The death of the main income earner for a family can devastate the family financially. This must be prevented and one way is to purchase life insurance for the person earning the income.

There are two types of insurance for this purpose:
1. Term Insurance – better for younger people interested in insuring a fixed period of time (10 or 20 years) at the lowest cost possible. Automatically renews at higher rates for another term every 10 or 20 years. Coverage expires by age 80 or 85 though premiums can be quite costly as you approach your later years.

2. Permanent Insurance – good for all ages, costs a bit more initially, provides insurance for a lifetime, less expensive than term insurance in the long run.

A Family CFO’s philosophy is that all personal financial decisions are linked and that by seeing your financial “big picture” that it will lead to better financial decision making overall.

How much insurance do you need? 

The generally accepted rule is that you should buy 10 times your income. So if you earn $50,000 per year, buy $50,000 x 10 = $500,000 of life insurance. This $500,000 will provide an income to your survivors, pay your funeral costs and pay down your debts, leaving the family with more income and fewer costs. 

Insurance to Minimize Income Taxes on your Death

At death, income taxes are now due on the entire value of your RRSP, RRIF and on the growth of your investment portfolio. Your RRSP or RRIF alone, if valued at $500,000, will trigger income taxes up to $225,000.

Life insurance pays out tax free on death and this money can be used to pay the taxes, leaving your heirs with a larger inheritance.

There are two types of insurance for this purpose:

1. Term to 100 Insurance – useful for people 40 to 100 who want a fixed premium for their lifetime and a simple policy to implement.

2. Permanent Life Insurance – useful for all ages; can actually be cheaper than term to 100; offers same fixed cost for your lifetime; offers extra opportunity to contribute more money into the policy and grow it tax free.
How much insurance do you need? 
As Chartered Accountants, let us calculate your estate taxes at no charge. Then we’ll know how much insurance you will need.  

Life Insurance to Save a Cottage or Business from Taxes on Death

A cottage that has been in your family for decades may trigger a six figure tax bill on your death. A family business that has been successful may trigger a million dollar tax bill on death. In either case, if your estate or family does not have the cash to pay the taxes, your estate may be forced to sell the cottage or business to pay the income taxes.

Life insurance is ideal for this situation.
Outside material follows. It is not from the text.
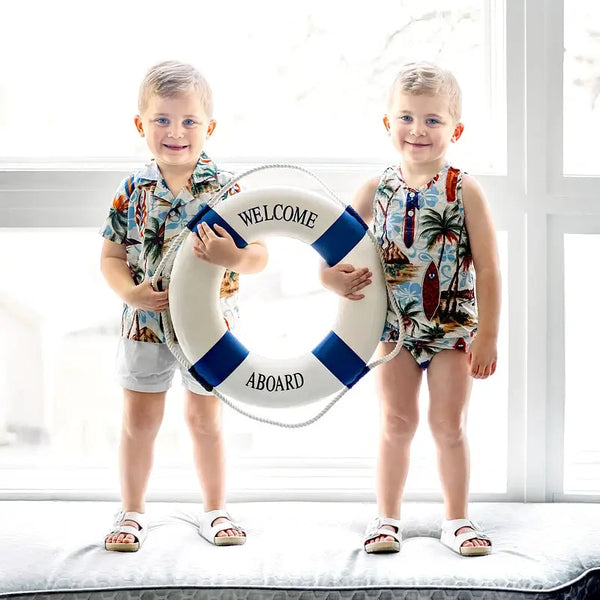 Boat Print and Red Denim Set Ali Plus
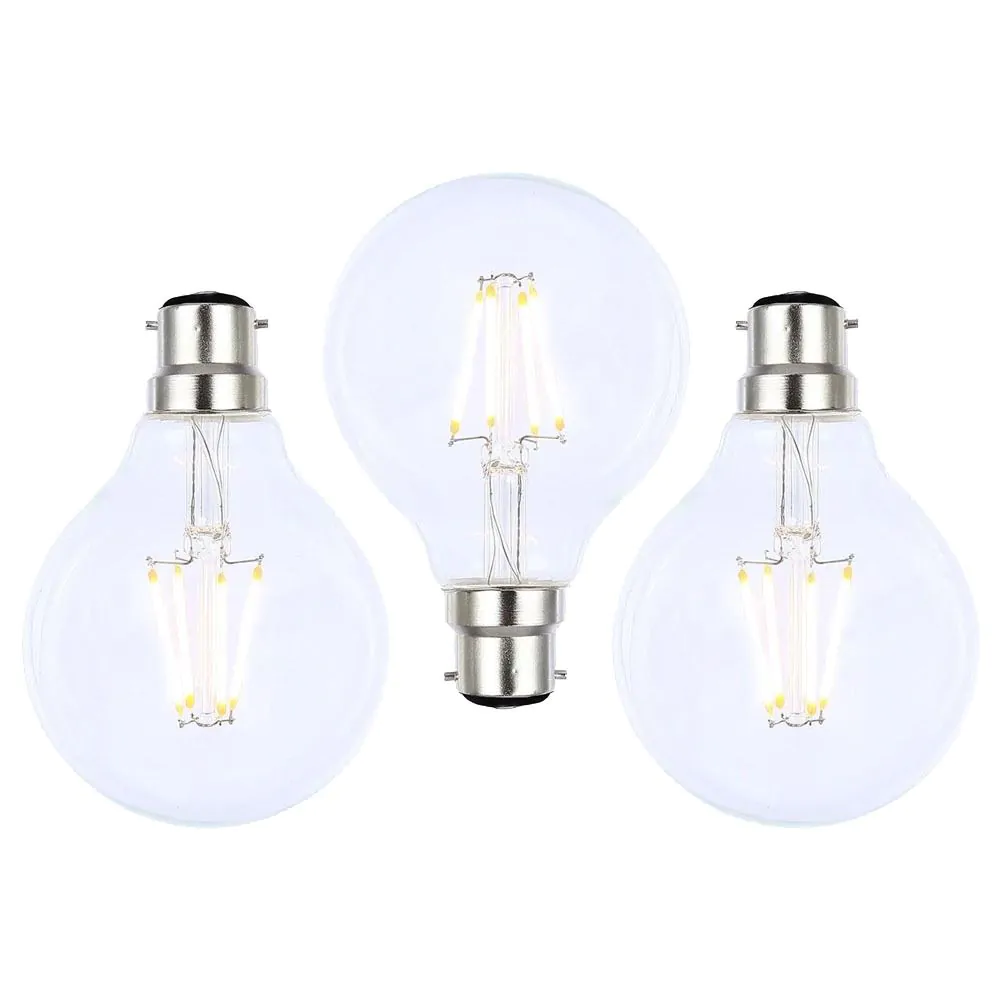 3 Pack Of 4W LED BC B22 Vintage Filament Globe Bulb, Clear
Purchase life insurance for the value of the taxes. Let the heirs pay the premiums. On death, the insurance payout is tax free and can be used to pay the taxes.

There are two types of insurance for this purpose:

1. Term to 100 Insurance – useful for people 40 to 100 who want a fixed premium for their lifetime and a simple policy to implement.

2. Permanent Life Insurance – useful for all ages; can actually be cheaper than term to 100; offers same fixed cost for your lifetime; offers extra opportunity to contribute more money into the policy and grow it tax free.  

Life Insurance to Grow your Wealth

After paying your debts off and maximizing your RRSP & TFSA, contributing to a permanent life insurance policy can be your next best strategy to build wealth and minimize taxes.

With every premium dollar, part of it goes to pay the cost of insurance and part of it is invested in an investment side fund. This investment side fund is never taxed as long as the money stays within the contract until death. Otherwise, taxes may be triggered if the money is withdrawn or leveraged – it grows tax free and pays out tax free on death. This powerful method of growth can leave your heirs with more after-tax wealth than if you just invest money in a bond or GIC on your own. 

Insurance for Children or Grandchildren

Buying life insurance on the life of a child can accomplish several goals:

1. Transfer some of your net worth tax free and without probate fees to the child on your death.
2. Provide life insurance for the child’s life at a very low cost and saving the child from ever having to buy their own.
3. If you build up a $50,000 cash value inside the policy when the child is age 18, the child can cash in the policy and use the money to pay for post secondary education costs.
4. It secures your child’s insurability while they are young and healthy.  

Use Life Insurance for Supplemental Retirement Income

We would all like more cash flow in retirement, and we would all like to pay less income tax. A permanent life insurance policy can accomplish both goals.

Buy a permanent life insurance policy today. Deposit extra cash into the investment side fund. This side fund grows tax free, compounding growth at a faster rate than you could on your own.

In retirement, draw down your investment side fund as a loan. A loan is not income and therefore, not taxable to you. Depending on how the monies are leveraged (i.e. with the policy as collateral for a bank loan, or as a policy loan through the insurance company), there may be tax consequences. If it is a bank loan, then there is no taxation, however, if the monies are borrowed against the policy, they will be fully taxed as income once the Adjusted Cost Base (ACB) equals zero.

On death, when the insurance policy pays out, the loan will be repaid and your estate will receive the net proceeds. This extra retirement income attracts no income taxes and will not claw back your Old Age Security benefits.